Authored by Kyle Becker via relentless,

Robert F. Kennedy Jr., Donald Trump’s Health and Human Services Secretary, is pushing a plan to ban pharmaceutical ads from television. He’s right to push for it—and not just because the U.S. is one of only two countries on earth that allows such advertising (the other being New Zealand).

America’s health system isn’t just flawed; it’s harming public health, distorting journalism, and fueling Big Pharma’s malignant influence over our daily lives.

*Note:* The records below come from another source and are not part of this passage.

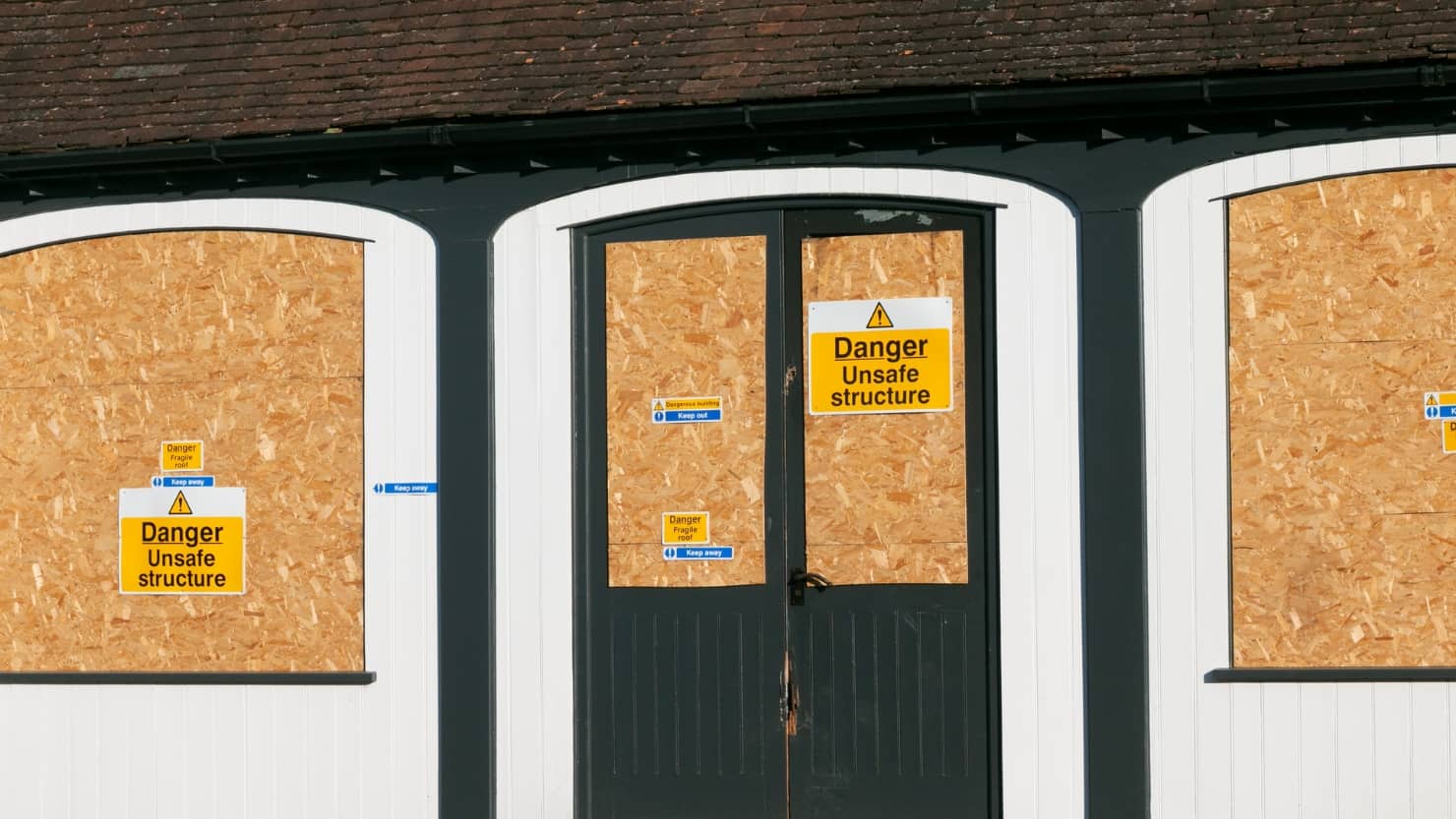 Property windows and doors boarded up for security, with a sign stating danger unsafe structure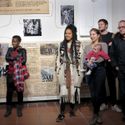 Bildvergrößerung: Menschen, die einer Rede zuhören, im Vordergrund die Künstlerinnen Nathalie Anguezomo Mba Bikoro & Anais Héraud-Louisadat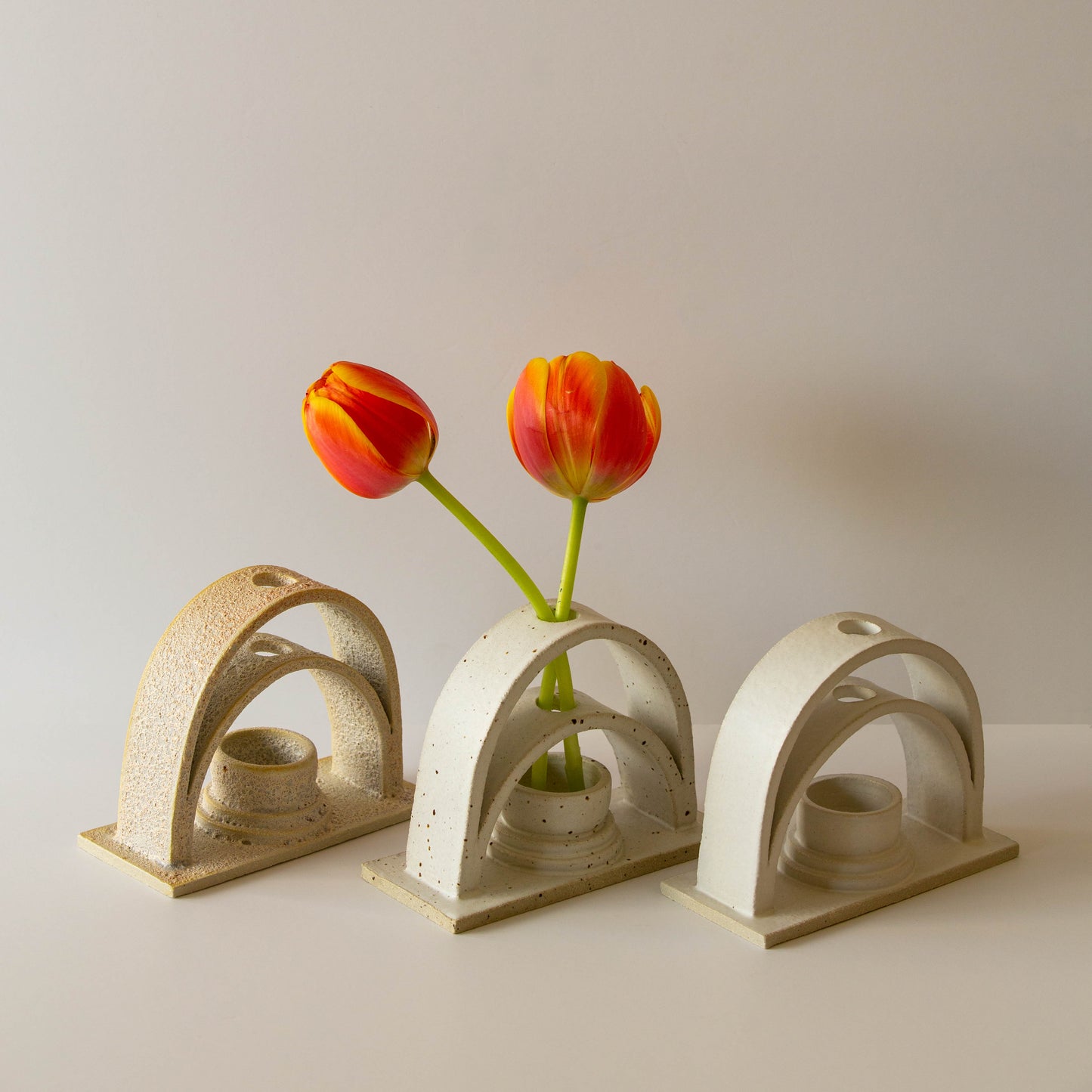Three handmade ceramic budvases on a white background. The budvases are in three different colourways. From left to right: Lunar, speckled cream, and white. The middle speckled cream budvase is holding two orange tulips.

Let’s start with the obvious: TV drug ads aren’t designed to inform—they’re designed to manipulate. The formula is always the same. Cue soft lighting and sappy piano music. A sad, listless person pops a pill and suddenly life is vibrant again. They’re running through fields, laughing with family, walking dogs across idyllic bridges.

Then, in a breathless voiceover, the side effects come tumbling out like a legal disclaimer roulette wheel—stroke, heart failure, suicidal thoughts. The goal? Make viewers want a drug before they even talk to their doctor. It’s emotional coercion dressed up as health education.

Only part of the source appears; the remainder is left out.